Where does jealousy fit in your relationship? Is it experienced in a constructive or destructive way?

Both men and women are wired to be jealous as a solution to the problem of reproduction and survival.

In prehistoric times man had to keep his partner from sexual activity with a rival to ensure ownership of offspring.   Women physically “know” their own children.  The women needed to keep their man’s attention and love from a rival to ensure protection and survival.

In studies of men and women in sexually committed relationships, men reacted with more jealousy to sexual infidelity, and women responded with more jealousy to emotional infidelity—the thought that their partner could “love” someone else is the most upsetting aspect of betrayal for women.

If you find that you are often feeling jealous about your partner but there seems no legitimate reason that your partner has given to make you feel this way, you may want to self-reflect.

Too often we turn the focus on the object of our love rather than our own capacity to love.

  • Are you secure in your capacity to love your partner in a way that makes both you and your partner feel loved, liked, desirable and secure?

  • Are you threatened about the connection your partner has with work friends, neighbors, or teammates?

  • Is your worry driven by your own feelings of self-criticism, boredom, or discontent?

  • Are you overly fatigued since the baby, lonley after retirement, isolated from working from home? Does your partner know?

It is understandable that all of the above may lower your confidence and increase your possessive worry about losing your partner to another.

While most of us have a built-in denial of the possibility that someone we love could be betraying us, it is sometimes hard to ignore the persistent feeling that “something is just not right,” and that “someone” is between you.

  • Some People React Indirectly: They use avoidance, negative digs, criticism about other things, even competitive flirting-none of which invites clarity or more closeness with the partner.

  • Some Gather Evidence And Outside Supporters: They try to ease the fear of loss. This is understandable, as people often need a sounding board; but oversharing with many people can complicate the reality and the bond you need to examine and possibly re-build.

  • Some Decide To Use Their Suspicion As A Point Of Information: They move in to reclaim the relationship and the intimacy.Sometimes, without too much said, their proactive efforts to involve the other, plan something different, etc., bring a reciprocal positive response. If the relationship regains life, they don’t look back. It does happen.

  • Most Confront the Partner: Confronting a partner with your suspicions and concerns can be frightening and disruptive.

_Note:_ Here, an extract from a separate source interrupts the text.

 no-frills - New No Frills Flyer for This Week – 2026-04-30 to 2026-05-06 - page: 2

Some warn that if you don’t want the answer—don’t ask the question.

  • When confronting is done as a screaming accusation, it offers little besides making your partner a victim.

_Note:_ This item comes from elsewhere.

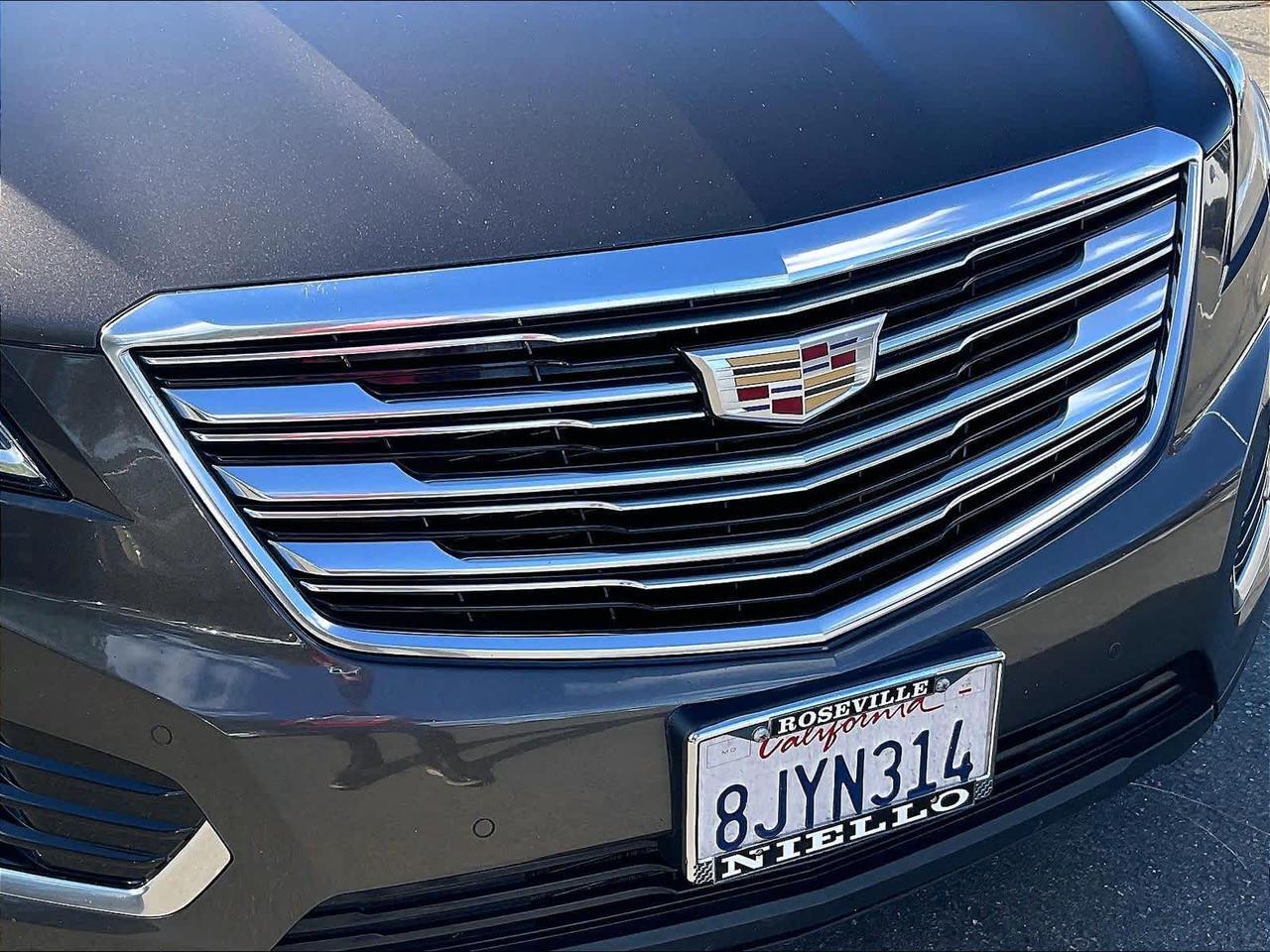 2019 Cadillac XT5 Premium Luxury AWD Roseville CA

  • When confronting is met with stonewalling and deceit from a partner, it is a matter of time before you make the decision to do something or live in an unhappy way.

  • When jealousy is the collateral damage of a partner’s earlier betrayal, confronting it again can be a source of pain and contention for both or an opportunity to remind each other of what is different now, what was learned, and what amends were made.

  • When confronting makes dialogue possible, it can be a step toward evaluating, repairing, or rebuilding the bond.

However stirred, when jealousy becomes obsessive vigilance and threatening possessiveness that keeps you and your partner from living in a free and healthy way, it is toxic to any relationship.

  • If your partner has no freedom to choose to be with you—you don’t have a partner, you have a prisoner.

  • If you can’t help endlessly checking-up on your partner, you are not relating—you are stalking.

  • If, on the other hand, you continue to betray your partner while accusing him/her of jealousy—take stock of your need to be falsely connected at the cost of hurting everyone else.

  • If you are staying in a relationship built on fear of loss to a rival, the relationship may have little to do with love and much more to do with a lack of real connection and happiness.

Professional help and outside support are necessary and crucial resources for both partners.